- [Information given]
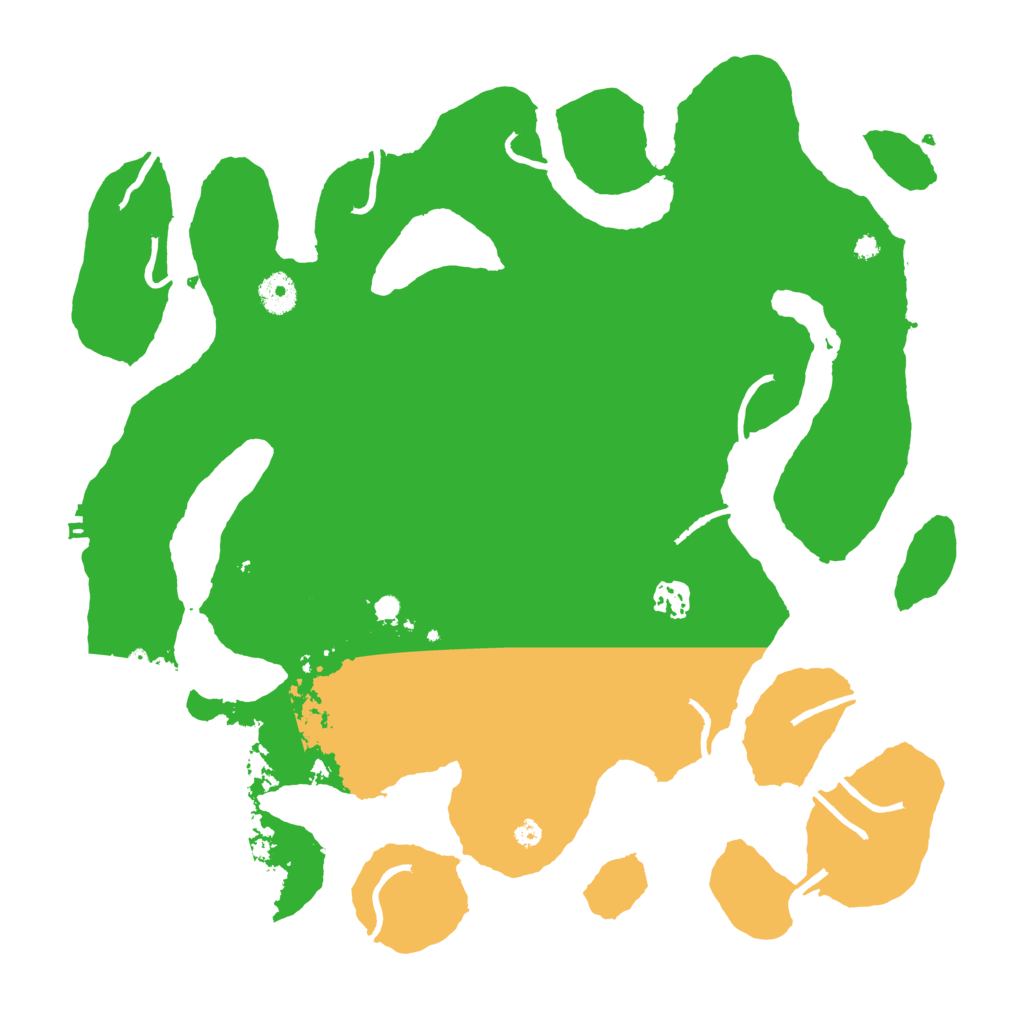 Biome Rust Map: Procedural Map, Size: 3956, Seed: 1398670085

--

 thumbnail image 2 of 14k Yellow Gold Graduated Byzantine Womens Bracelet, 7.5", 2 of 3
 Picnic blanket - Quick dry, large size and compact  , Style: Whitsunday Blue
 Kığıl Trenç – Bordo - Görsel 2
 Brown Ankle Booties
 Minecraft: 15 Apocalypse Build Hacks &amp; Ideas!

* * *

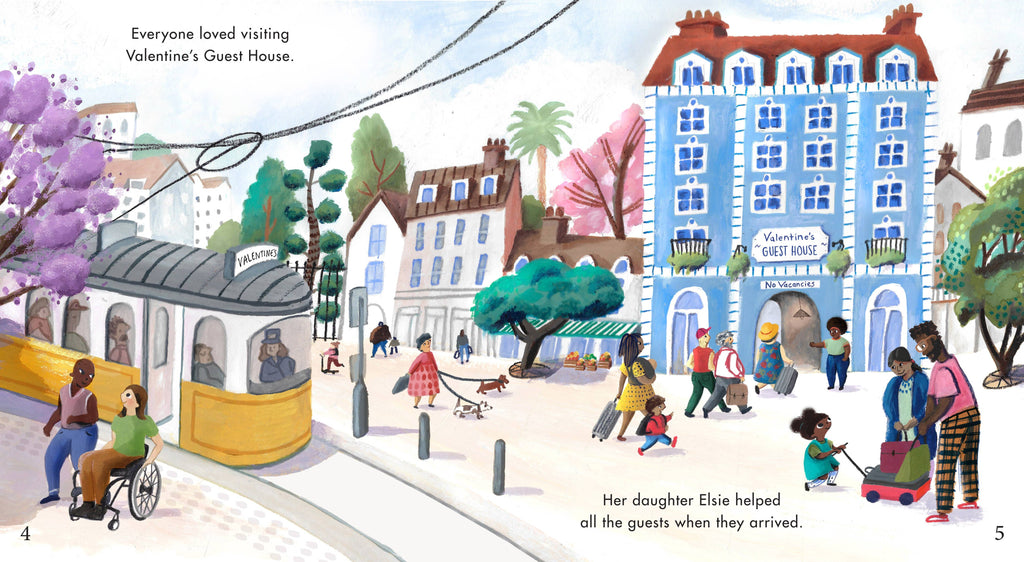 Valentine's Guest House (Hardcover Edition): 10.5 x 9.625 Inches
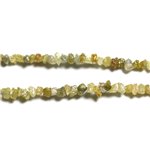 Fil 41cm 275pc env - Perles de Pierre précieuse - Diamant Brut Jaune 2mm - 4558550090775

- [Task to complete] Every line above from the line with "Picnic blanket - Quick" to the line with "Minecraft: 15 Apocalypse", both included, must be reproduced exactly, and no other line may appear.

- [Answer to the exercise]
 Picnic blanket - Quick dry, large size and compact  , Style: Whitsunday Blue
 Kığıl Trenç – Bordo - Görsel 2
 Brown Ankle Booties
 Minecraft: 15 Apocalypse Build Hacks &amp; Ideas!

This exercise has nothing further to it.